Assignment
Once you find the line with "NEW TOM FORD" in the entries below, print it and each line after it up to and including the line with "Košarkaši Crvene zvezde", exactly, without pictures.

Data for review
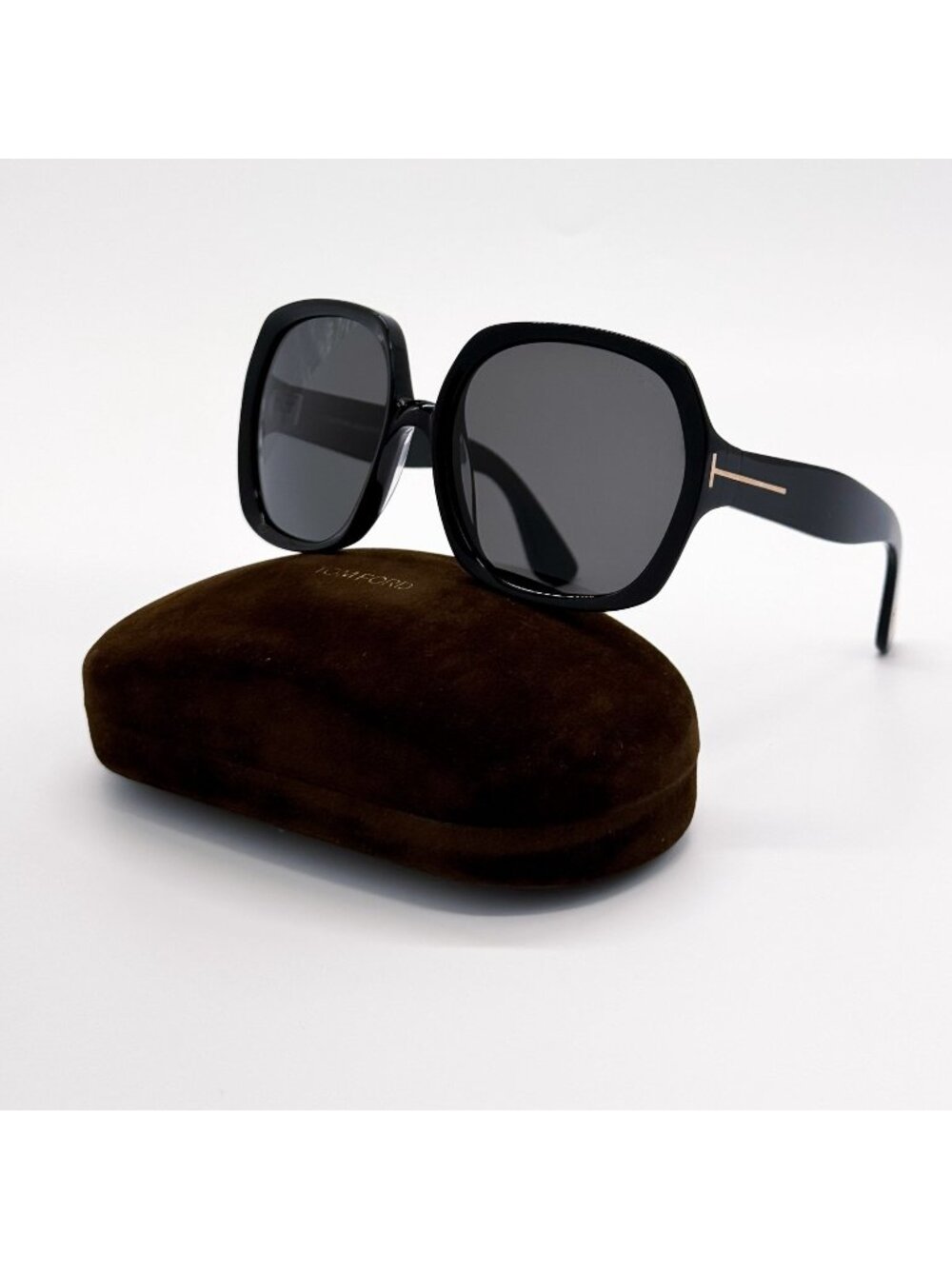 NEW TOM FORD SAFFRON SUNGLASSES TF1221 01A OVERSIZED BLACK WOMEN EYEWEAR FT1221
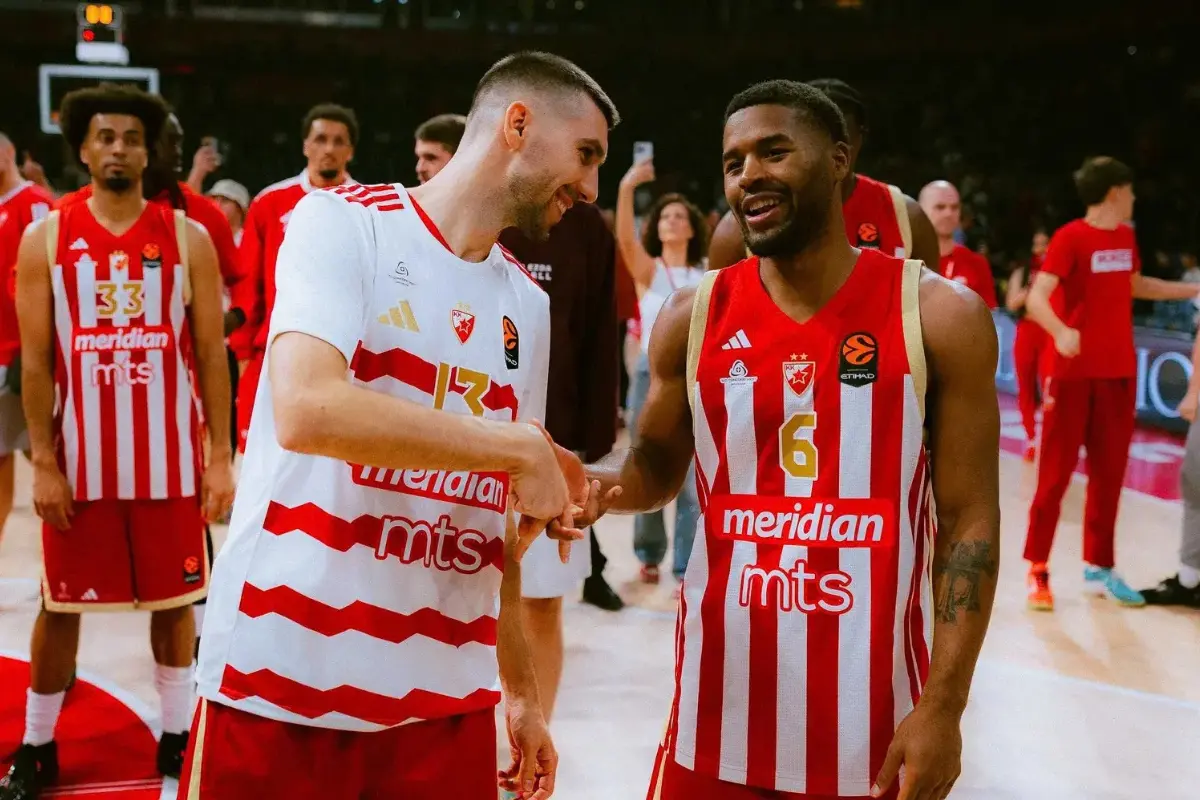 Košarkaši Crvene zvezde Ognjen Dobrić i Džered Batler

==

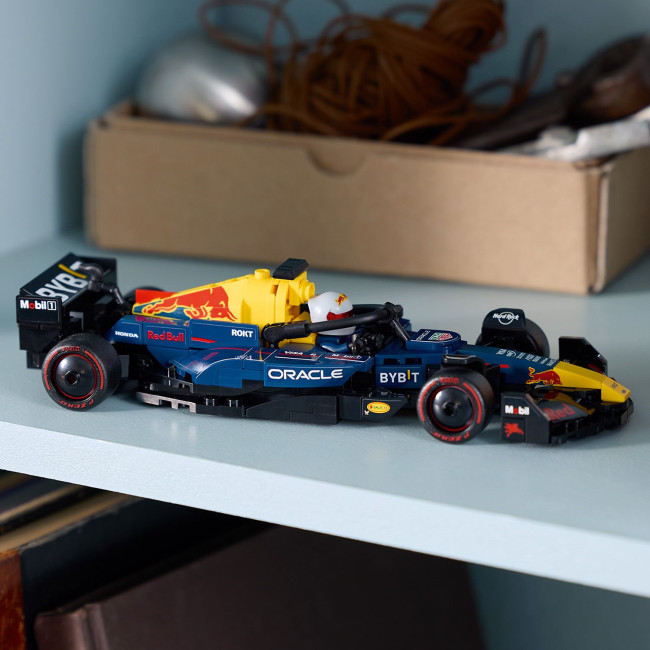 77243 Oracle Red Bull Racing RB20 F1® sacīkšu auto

Your solution
 NEW TOM FORD SAFFRON SUNGLASSES TF1221 01A OVERSIZED BLACK WOMEN EYEWEAR FT1221
 Košarkaši Crvene zvezde Ognjen Dobrić i Džered Batler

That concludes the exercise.